But pressure from (mostly Jewish) Spanish and Portuguese traders, the work of  Sephardic Dutch Rabbinical leader Menasseh Ben Israel (who advocated for opening of lands closed to Jews), and the practical politics of the English ruler Oliver Cromwell, led to an invitation for Jews  to return by 1664.  From the Restoration to the Enlightenment and beyond, life became rich for Jews—and not just in London and its environs.

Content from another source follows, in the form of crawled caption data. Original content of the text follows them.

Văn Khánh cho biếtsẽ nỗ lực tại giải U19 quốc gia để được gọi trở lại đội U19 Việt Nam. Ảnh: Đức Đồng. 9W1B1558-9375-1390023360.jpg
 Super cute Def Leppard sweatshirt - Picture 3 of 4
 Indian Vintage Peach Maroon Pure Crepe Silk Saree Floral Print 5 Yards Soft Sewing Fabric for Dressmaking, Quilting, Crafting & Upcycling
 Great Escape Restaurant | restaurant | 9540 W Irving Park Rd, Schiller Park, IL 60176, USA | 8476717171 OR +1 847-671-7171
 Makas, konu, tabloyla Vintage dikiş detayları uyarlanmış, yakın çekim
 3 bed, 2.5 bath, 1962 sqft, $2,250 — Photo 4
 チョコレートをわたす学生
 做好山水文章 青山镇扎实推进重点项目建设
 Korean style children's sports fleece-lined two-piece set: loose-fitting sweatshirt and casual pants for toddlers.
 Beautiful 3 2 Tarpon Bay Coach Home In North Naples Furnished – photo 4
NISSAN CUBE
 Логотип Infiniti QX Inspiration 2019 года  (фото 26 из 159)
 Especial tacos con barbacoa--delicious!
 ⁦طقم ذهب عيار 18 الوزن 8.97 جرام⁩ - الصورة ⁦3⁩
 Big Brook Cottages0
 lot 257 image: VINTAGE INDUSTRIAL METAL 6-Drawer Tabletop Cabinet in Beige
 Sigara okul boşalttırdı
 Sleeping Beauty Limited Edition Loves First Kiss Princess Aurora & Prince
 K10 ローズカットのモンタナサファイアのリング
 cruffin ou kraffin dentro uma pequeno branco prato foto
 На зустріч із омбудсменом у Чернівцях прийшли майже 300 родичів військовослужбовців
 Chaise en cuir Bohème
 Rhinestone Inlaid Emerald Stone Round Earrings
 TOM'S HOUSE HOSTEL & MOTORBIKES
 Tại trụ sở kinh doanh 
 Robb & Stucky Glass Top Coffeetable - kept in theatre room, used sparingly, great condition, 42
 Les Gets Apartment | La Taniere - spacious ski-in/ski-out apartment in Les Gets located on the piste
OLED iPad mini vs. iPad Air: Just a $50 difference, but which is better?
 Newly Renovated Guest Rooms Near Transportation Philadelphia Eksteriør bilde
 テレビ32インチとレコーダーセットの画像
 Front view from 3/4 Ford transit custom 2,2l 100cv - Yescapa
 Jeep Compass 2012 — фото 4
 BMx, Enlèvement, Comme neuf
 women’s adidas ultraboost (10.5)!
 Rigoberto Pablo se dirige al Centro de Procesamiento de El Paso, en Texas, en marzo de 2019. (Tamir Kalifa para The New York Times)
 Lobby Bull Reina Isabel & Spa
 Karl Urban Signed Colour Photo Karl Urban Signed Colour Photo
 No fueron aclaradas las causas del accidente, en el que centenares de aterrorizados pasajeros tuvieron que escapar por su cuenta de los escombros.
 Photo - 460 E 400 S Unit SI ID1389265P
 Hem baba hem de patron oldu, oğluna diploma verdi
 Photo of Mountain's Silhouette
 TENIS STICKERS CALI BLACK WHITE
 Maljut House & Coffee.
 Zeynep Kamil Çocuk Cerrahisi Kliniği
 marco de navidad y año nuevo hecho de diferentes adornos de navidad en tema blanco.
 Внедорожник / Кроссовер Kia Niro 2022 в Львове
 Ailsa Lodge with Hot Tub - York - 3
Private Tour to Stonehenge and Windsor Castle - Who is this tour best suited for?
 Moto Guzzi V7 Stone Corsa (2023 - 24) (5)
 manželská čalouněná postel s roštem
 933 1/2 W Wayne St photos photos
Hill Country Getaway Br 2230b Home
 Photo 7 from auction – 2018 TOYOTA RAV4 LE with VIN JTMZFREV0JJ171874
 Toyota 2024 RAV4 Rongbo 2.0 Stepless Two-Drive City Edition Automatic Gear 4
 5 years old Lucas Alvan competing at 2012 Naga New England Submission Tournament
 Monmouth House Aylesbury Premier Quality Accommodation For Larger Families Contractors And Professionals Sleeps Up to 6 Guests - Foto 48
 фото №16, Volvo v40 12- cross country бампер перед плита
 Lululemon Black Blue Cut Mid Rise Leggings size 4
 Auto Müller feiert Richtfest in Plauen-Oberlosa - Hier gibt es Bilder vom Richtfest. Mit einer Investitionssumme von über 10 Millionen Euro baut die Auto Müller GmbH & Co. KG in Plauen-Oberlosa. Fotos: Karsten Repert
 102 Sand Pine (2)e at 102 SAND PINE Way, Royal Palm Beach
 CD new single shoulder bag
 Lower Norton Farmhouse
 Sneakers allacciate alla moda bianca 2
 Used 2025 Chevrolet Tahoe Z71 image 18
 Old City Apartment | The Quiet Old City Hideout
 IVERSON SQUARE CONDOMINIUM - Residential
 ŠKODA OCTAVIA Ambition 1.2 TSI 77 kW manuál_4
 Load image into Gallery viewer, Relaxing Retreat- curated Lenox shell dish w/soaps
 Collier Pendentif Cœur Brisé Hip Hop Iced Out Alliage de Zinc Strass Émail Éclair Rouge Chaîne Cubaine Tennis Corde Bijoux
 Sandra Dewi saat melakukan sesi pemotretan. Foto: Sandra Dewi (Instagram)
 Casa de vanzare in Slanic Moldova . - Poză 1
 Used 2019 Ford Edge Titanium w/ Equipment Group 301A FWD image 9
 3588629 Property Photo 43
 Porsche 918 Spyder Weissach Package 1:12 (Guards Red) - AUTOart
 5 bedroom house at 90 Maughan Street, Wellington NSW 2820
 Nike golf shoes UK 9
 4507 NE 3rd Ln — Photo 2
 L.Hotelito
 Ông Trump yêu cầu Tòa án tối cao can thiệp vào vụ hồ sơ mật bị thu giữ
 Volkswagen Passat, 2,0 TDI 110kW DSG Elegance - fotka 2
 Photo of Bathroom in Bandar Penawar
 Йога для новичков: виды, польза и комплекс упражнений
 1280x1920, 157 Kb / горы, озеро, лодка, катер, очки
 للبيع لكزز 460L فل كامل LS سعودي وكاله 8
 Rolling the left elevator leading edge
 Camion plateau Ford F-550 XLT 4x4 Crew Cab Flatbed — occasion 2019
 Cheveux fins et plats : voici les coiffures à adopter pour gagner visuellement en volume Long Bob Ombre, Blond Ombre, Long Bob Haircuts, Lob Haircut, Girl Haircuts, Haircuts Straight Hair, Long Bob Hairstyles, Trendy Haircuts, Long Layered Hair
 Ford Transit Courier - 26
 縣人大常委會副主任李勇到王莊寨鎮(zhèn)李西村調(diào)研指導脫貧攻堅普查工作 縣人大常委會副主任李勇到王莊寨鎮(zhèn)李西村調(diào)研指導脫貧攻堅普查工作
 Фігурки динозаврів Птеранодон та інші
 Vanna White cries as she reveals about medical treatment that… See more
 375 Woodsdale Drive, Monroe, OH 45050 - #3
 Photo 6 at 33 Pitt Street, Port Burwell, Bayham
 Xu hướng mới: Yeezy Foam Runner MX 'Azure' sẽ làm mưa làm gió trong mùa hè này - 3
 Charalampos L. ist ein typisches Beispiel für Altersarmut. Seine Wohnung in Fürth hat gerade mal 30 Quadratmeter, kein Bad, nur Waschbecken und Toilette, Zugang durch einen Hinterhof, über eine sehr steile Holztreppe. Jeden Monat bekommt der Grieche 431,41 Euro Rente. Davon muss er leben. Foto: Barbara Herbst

So, for Thanksgiving this year, I decided to take a look at some U.S.–Anglo–Jewish culinary traditions. By and large, English food (notwithstanding Chef Jamie Oliver and Jewish TV chef Nigella Lawson) has always been thought of as bland. Plebeian. And when I lived there, I can tell you that I ate more than my fair share of butter and cucumber sandwiches and egg and chips (aka French fries). The folks at Lutece weren’t worried. But I did have some curious little handheld vegetable pot pies. Those pasties (pronounced PAHS-tees, rhyming with “last” or “past”—not “paste”—with “ease” at the end), were soul warming and easy to eat and carry along. This little pie is not exactly seen as a Jewish food, no doubt, but it’s a fun—and freezable—meal. Once you get the hang of the dough, you can stuff it with almost any stew—and it’s great for leftovers. Freeze them stuffed but unbaked and you’ve got a treat waiting to happen. Pasties, by the way, originated in Cornwall, England, and are believed to have been created for miners who worked under harsh conditions for many hours a day and wanted and needed a meal that would be easy to carry and tidy up. Original pasties featured an inedible dough—so tough that it protected the stew. And it only ever, ever contained beef, turnips, potatoes, and onions. This is such a deep-seated traditional food that, I kid you not, there is a Cornish Pasty Association and it sets rules about this little hand pie.

The rules notwithstanding, I’ve come up with a very American version that takes advantage of turkey, dressing and leftover greens. Keep calm and make hand pies.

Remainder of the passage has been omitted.